Recent News

Ask a Question
Home > Unfair Dismissal > Abandonment of employment: Is jail an acceptable excuse?

Abandonment of employment: Is jail an acceptable excuse?

Sent home by the employer who then claims the employee abandonment his employment. This is not uncommon where the employer sets the employee up when you don’t come back, in the mean time your sitting at home with no income waiting for the call.

Abandonment of employment: Is jail an acceptable excuse?

Abandonment of employment arises when an employee doesn’t turn up to work for an unreasonable length of time. Also, when they haven’t informed their employer that they will be away, nor provided a reasonable excuse. But what if your excuse is that you have been imprisoned for a crime?
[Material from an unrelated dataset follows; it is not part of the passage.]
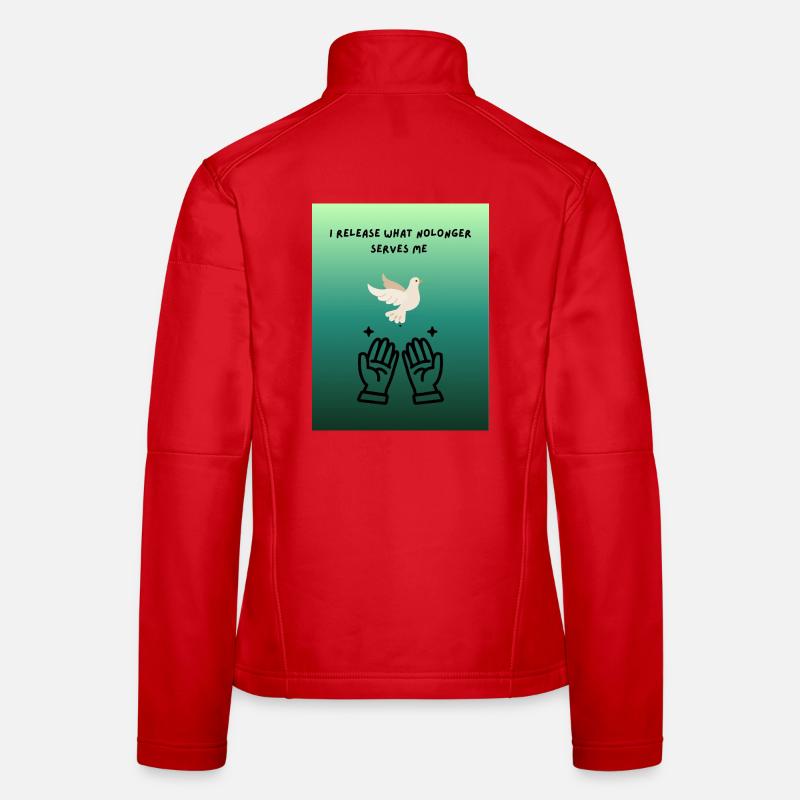 Ruhiges Leben - Frauen Softshelljacke - Rot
Abandonment of employment: Is jail an acceptable excuse?, this scenario is not uncommon, around issues of injury, illness, victim of domestic violence, accidents overseas. Its well worth reading to know your rights

That’s what happened to an Auckland KFC worker who was dismissed for abandonment of employment after landing himself in the grey bar hotel. Let’s look at the series of dramatic events that led to his imprisonment. See how the Employment Relations Authority (New Zealand’s equivalent of the Fair Work Commission) came to a decision on whether he had in fact abandoned his employment.

An abortion and a nasty injury: The unfortunate events leading to abandonment of employment

On 25 October 2015, Indian national Rohit Arora commenced work with Restaurant Brands Limited (RBL). The franchisee of a KFC in the Papakura district of Auckland. Mr Arora, a computer engineering student who had immigrated to New Zealand a year earlier. HE had secured the role through a friend who was the manager at the KFC.
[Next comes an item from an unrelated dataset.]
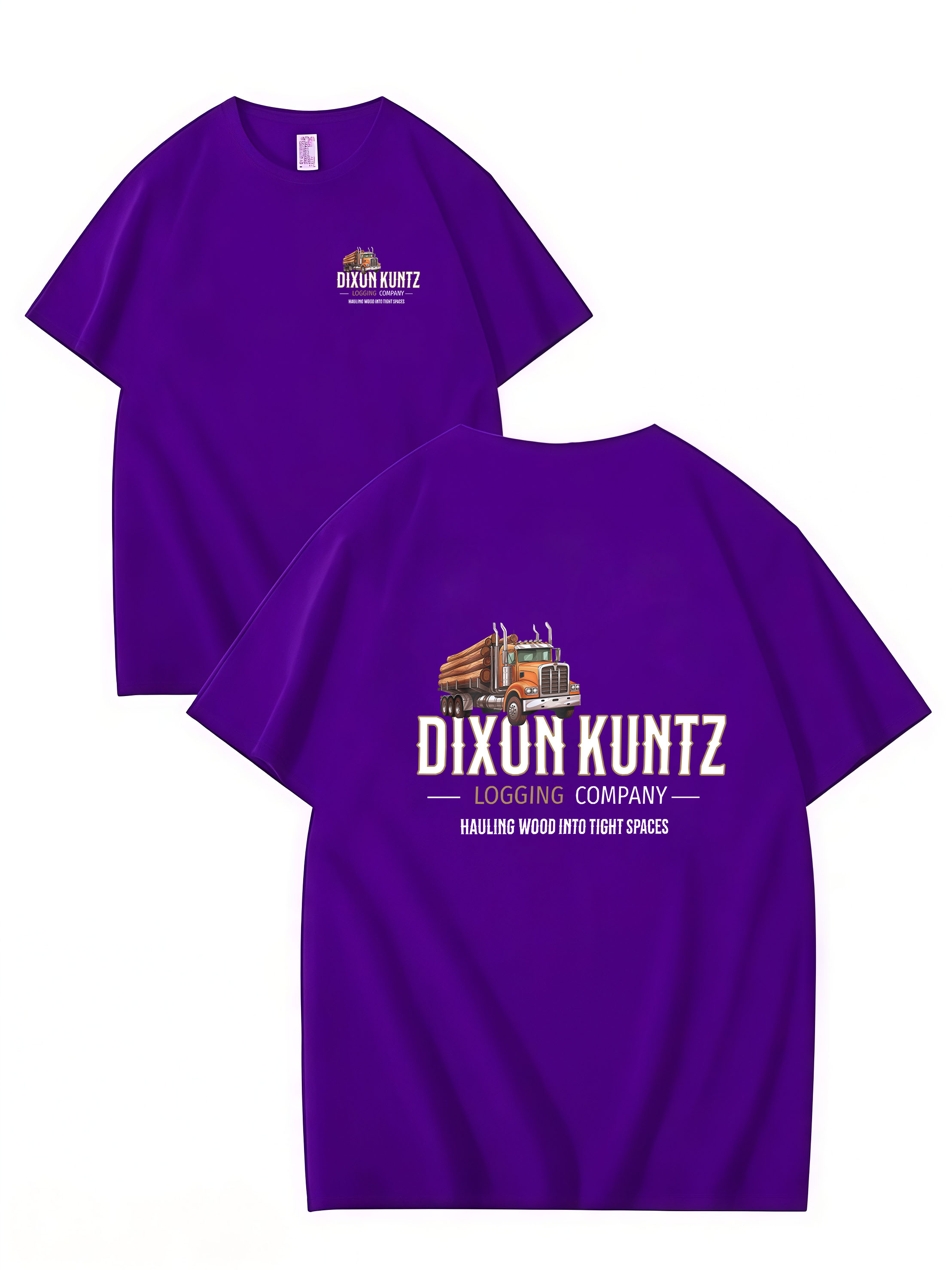 DIXON KUNTZ LOGGING COMPANY, Funny name shirt, Unisex Cotton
Not long after Mr Arora commenced employment at the KFC, he experienced a series of unfortunate incidents that would ultimately see him locked up. It all started when he entered into a relationship with a woman who soon became pregnant. The woman, however, wanted to terminate the pregnancy, and an abortion was performed on 17 December 2015.

Later that same day, Mr Arora was called into work by the manager. At the end of his shift, he was tasked with cleaning the hood filters above the pressure cookers. While standing on a step ladder on the edge of the cooker, Mr Arora slipped and his left leg was immersed in hot cooking oil. He was taken to a local hospital and upon admittance, hospital staff were told that Mr Arora’s injuries had occurred at home.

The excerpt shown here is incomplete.